Semaine 20/20 – Suisse – Prestations appréciables en argent, personnes proches, théorie du triangle

De l’arrêt 2C_777/2019 du Tribunal fédéral du 28 avril, on apprend notamment que lorsqu’une autorité de taxation reprend des éléments au titre de prestations appréciables en argent dans une décision de rappel d’impôt concernant une société, dans la décision parallèle qu’elle rend à l’encontre de l’actionnaire ou associé qui en aurait profité, elle est dispensée de la rigueur à laquelle l’on serait en droit de s’attendre dans le traitement de deux causes non joignables. Peu importe donc que l’on retrouve dans celle-ci des inadéquations dues à des raccourcis empruntés à celle-là, à supposer par économie de moyens.

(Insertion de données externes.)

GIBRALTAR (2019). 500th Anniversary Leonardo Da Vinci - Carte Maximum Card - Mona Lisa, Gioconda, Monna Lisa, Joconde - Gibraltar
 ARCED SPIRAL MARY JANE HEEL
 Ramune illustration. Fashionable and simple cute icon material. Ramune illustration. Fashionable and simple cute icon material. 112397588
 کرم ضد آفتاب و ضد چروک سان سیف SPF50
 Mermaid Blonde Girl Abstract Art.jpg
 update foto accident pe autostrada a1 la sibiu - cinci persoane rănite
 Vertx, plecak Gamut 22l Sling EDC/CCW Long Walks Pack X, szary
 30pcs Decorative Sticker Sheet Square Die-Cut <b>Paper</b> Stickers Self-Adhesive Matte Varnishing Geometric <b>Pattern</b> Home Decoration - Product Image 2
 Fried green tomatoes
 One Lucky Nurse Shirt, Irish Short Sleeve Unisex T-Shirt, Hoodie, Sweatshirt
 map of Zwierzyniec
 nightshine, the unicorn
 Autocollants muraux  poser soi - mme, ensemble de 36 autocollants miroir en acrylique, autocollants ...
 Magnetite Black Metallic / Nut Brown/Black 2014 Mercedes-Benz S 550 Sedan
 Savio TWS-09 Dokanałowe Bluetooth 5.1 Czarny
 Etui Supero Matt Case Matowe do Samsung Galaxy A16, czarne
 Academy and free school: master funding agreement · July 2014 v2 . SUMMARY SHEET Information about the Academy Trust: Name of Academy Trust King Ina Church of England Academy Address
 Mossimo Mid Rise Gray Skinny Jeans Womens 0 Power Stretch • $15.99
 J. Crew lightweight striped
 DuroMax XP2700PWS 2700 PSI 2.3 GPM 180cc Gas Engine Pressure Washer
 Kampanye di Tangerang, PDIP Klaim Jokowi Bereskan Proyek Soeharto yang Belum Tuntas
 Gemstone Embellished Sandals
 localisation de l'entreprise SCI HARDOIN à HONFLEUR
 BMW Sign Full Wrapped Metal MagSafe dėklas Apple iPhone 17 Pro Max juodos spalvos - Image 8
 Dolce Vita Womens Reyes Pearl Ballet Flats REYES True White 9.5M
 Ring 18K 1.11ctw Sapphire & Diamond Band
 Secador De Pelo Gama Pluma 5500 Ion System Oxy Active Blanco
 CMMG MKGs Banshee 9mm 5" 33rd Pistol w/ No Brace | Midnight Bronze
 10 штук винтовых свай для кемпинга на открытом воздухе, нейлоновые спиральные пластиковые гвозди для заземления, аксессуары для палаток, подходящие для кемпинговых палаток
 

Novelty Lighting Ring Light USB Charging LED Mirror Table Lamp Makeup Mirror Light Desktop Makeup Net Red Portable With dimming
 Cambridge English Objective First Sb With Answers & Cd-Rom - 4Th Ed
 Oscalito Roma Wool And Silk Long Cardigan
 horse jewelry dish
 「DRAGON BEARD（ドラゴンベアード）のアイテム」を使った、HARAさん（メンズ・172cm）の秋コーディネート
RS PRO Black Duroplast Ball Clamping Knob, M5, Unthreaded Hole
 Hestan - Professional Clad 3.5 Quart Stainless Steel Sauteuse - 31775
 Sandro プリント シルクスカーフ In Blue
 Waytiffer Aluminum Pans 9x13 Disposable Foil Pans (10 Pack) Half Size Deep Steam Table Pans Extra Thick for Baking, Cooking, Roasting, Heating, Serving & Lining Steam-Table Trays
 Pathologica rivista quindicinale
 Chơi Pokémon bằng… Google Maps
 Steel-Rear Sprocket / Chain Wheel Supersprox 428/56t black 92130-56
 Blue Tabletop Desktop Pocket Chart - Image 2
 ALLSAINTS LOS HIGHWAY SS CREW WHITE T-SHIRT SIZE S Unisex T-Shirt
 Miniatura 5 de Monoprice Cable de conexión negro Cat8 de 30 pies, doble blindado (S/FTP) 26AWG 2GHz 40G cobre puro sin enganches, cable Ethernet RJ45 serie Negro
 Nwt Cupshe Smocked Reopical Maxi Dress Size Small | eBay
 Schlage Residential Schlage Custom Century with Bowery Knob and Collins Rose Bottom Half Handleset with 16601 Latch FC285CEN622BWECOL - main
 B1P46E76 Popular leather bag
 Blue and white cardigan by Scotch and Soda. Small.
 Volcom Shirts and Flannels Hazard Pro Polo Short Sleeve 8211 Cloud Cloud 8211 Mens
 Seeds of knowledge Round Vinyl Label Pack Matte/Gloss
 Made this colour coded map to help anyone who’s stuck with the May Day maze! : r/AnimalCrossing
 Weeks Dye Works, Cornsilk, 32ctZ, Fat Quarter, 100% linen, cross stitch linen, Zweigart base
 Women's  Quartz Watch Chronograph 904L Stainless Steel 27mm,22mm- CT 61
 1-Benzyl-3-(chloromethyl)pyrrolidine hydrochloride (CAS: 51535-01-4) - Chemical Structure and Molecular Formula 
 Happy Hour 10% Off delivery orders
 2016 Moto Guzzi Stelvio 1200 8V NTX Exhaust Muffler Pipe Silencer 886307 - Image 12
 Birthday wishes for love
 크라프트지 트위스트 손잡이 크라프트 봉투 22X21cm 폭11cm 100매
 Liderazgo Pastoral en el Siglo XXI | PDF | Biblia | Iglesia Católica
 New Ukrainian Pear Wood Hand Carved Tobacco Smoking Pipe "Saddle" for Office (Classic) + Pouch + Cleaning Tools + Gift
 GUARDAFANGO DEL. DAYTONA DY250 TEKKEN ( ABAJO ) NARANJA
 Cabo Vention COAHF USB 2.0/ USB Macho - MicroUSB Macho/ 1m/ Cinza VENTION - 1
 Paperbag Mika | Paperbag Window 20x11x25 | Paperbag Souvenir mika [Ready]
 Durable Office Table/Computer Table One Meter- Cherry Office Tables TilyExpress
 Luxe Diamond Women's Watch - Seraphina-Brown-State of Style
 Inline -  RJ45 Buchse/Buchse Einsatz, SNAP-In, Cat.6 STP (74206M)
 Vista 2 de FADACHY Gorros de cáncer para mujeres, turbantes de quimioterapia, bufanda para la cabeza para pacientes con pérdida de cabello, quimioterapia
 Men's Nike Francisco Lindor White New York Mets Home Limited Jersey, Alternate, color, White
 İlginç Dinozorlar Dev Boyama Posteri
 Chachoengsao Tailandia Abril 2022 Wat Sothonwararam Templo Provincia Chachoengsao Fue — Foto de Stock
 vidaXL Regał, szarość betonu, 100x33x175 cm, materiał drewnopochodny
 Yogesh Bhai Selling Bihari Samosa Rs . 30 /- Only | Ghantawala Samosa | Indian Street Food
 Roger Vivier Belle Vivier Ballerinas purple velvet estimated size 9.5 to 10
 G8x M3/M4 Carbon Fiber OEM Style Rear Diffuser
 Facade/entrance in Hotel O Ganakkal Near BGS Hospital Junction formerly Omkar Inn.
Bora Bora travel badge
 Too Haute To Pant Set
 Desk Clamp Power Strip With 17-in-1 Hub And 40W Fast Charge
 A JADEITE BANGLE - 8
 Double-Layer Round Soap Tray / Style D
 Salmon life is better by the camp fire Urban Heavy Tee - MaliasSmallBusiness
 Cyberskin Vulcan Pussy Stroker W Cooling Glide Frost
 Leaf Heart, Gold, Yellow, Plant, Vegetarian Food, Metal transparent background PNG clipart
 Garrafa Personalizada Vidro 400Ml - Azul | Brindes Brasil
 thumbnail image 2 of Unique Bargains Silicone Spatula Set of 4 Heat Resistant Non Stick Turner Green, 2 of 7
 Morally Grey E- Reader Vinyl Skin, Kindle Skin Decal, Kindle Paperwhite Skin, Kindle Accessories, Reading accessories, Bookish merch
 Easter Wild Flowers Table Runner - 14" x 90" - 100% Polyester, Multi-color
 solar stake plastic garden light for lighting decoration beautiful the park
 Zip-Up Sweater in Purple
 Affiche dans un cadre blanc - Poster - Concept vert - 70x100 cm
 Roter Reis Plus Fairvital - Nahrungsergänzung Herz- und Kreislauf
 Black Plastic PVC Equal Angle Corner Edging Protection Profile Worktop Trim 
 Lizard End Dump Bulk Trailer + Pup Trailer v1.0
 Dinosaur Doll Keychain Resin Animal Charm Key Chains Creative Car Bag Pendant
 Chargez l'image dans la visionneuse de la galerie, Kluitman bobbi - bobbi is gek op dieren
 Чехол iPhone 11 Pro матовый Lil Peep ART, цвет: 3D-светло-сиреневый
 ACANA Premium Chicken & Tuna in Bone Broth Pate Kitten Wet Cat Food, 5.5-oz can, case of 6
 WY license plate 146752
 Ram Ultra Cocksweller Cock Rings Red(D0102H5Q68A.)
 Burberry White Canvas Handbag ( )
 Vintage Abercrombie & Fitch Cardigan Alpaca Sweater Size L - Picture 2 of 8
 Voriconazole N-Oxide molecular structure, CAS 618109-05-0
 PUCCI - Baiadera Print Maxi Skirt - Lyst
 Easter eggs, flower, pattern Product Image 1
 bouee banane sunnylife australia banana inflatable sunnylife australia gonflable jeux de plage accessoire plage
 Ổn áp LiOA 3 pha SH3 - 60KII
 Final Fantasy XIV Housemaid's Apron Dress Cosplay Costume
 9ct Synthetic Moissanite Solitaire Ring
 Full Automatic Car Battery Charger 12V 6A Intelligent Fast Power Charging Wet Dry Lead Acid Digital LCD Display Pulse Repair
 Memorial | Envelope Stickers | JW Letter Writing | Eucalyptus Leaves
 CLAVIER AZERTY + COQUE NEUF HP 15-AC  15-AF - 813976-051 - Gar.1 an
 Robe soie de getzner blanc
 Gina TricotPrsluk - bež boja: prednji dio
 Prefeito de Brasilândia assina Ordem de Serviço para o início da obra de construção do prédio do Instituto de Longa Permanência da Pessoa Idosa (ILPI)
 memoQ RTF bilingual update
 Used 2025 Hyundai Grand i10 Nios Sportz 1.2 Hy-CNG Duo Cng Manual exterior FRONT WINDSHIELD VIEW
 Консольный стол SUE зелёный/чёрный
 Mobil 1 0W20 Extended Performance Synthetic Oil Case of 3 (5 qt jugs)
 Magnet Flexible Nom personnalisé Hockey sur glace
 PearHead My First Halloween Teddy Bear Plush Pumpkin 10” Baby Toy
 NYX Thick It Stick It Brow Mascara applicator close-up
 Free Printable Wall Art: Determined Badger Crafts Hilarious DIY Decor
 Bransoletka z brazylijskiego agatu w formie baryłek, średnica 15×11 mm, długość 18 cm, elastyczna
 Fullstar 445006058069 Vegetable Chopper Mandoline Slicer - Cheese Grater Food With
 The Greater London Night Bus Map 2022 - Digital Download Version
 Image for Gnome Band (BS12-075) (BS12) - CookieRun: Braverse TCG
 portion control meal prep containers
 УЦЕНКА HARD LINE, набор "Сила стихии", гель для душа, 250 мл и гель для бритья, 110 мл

Pour ce qui est de la théorie du triangle, la question litigieuse se résume ainsi : lorsqu’une prestation appréciable en argent est faite par une société conjointement au frère et à la belle-sœur de l’associé majoritaire, la théorie du triangle trouve-t-elle application quand bien même ce frère est lui-même associé minoritaire de la société ? Ou, en d’autres termes, est-on une personne proche de l’associé, alors que l’on est soi-même associé, fût-ce minoritaire ? Le tribunal a confirmé l’arrêt attaqué en admettant la théorie du triangle, quand bien même les bénéficiaires de la prestation étaient l’associé minoritaire et son épouse (qui, elle, était proche, forcément plus de son mari que de son beau-frère) ; l’on est donc une personne proche, alors qu’on est soi-même titulaire de droits de participation. Le tribunal fonde cette nouvelle approche sur la position dominante du frère majoritaire.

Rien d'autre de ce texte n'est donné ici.